____ Input for this task

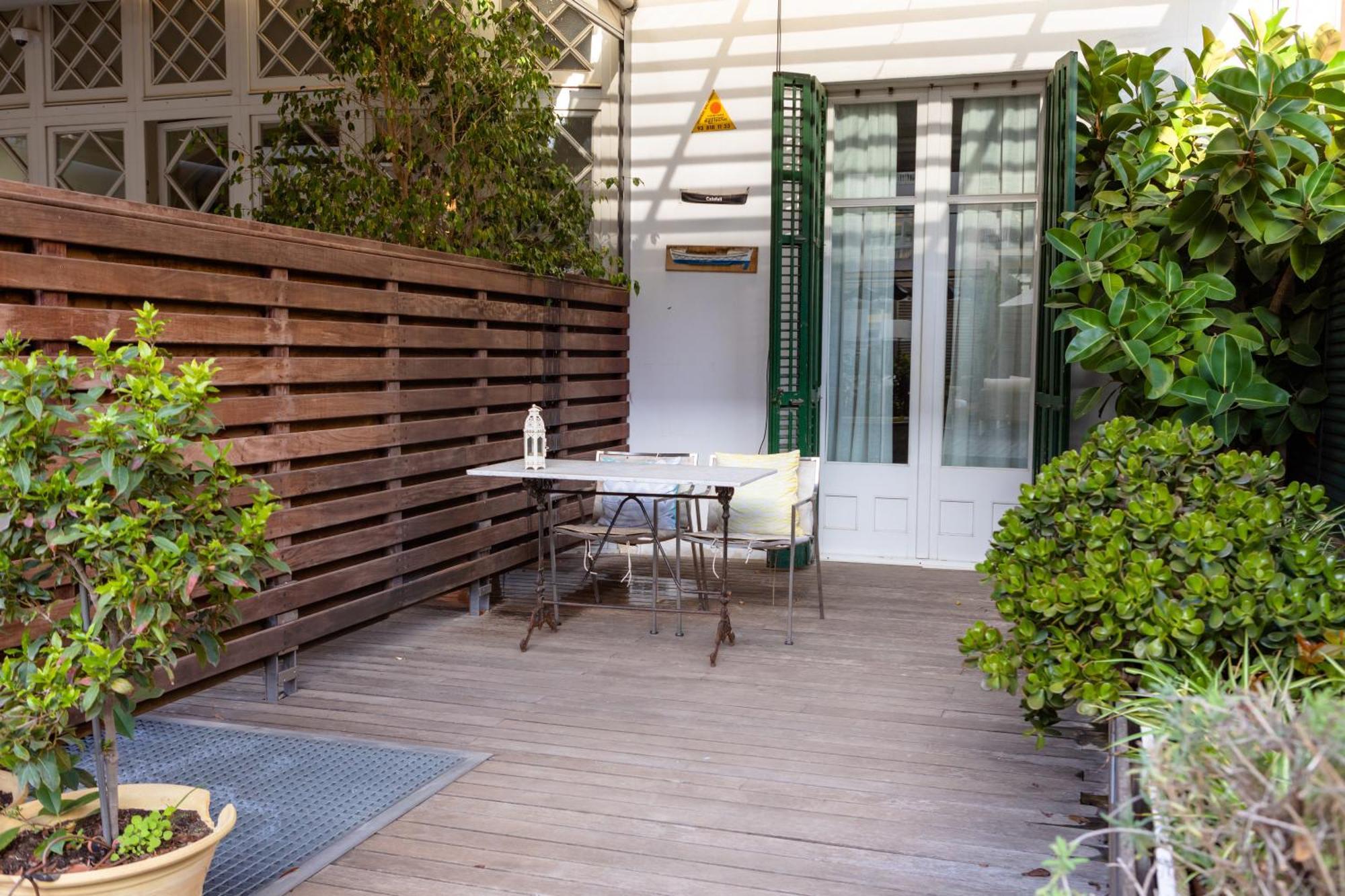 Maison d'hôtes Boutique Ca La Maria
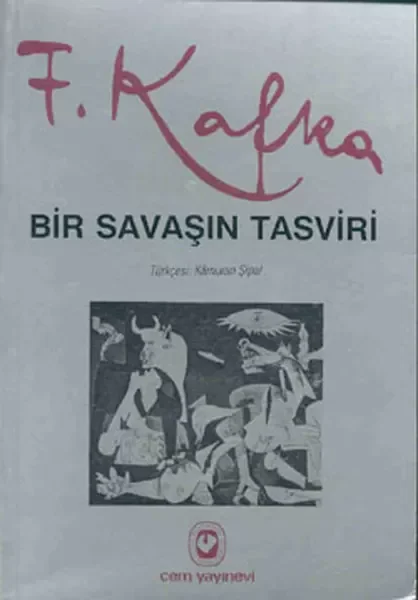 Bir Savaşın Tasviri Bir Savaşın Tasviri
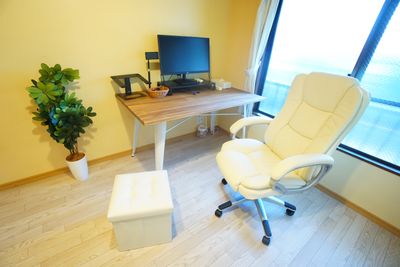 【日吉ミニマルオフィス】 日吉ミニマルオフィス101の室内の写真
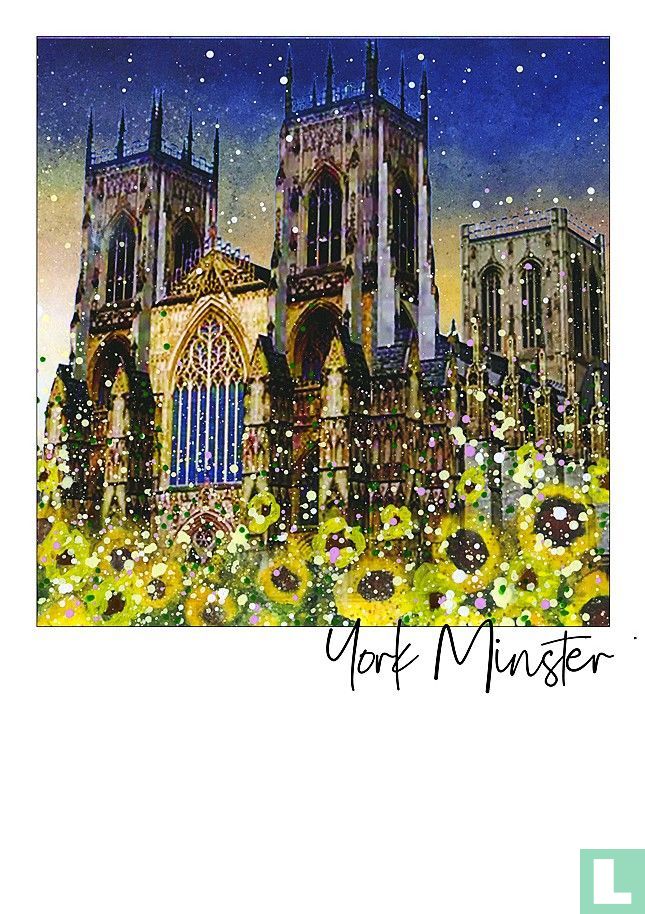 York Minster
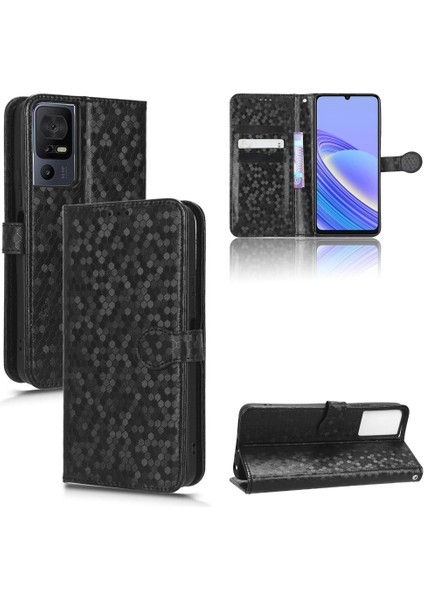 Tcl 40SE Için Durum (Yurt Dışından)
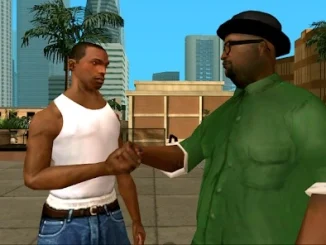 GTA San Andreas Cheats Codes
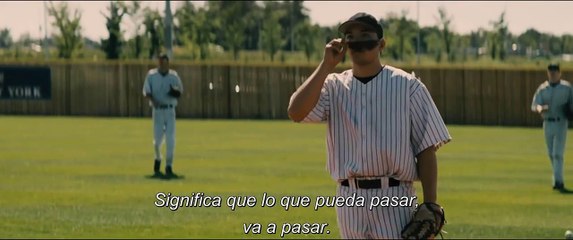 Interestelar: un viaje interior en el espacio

________

Write out every entry again word for word, without any of the pictures.

 Maison d'hôtes Boutique Ca La Maria
 Bir Savaşın Tasviri Bir Savaşın Tasviri
 【日吉ミニマルオフィス】 日吉ミニマルオフィス101の室内の写真
 York Minster
 Tcl 40SE Için Durum (Yurt Dışından)
 GTA San Andreas Cheats Codes
 Interestelar: un viaje interior en el espacio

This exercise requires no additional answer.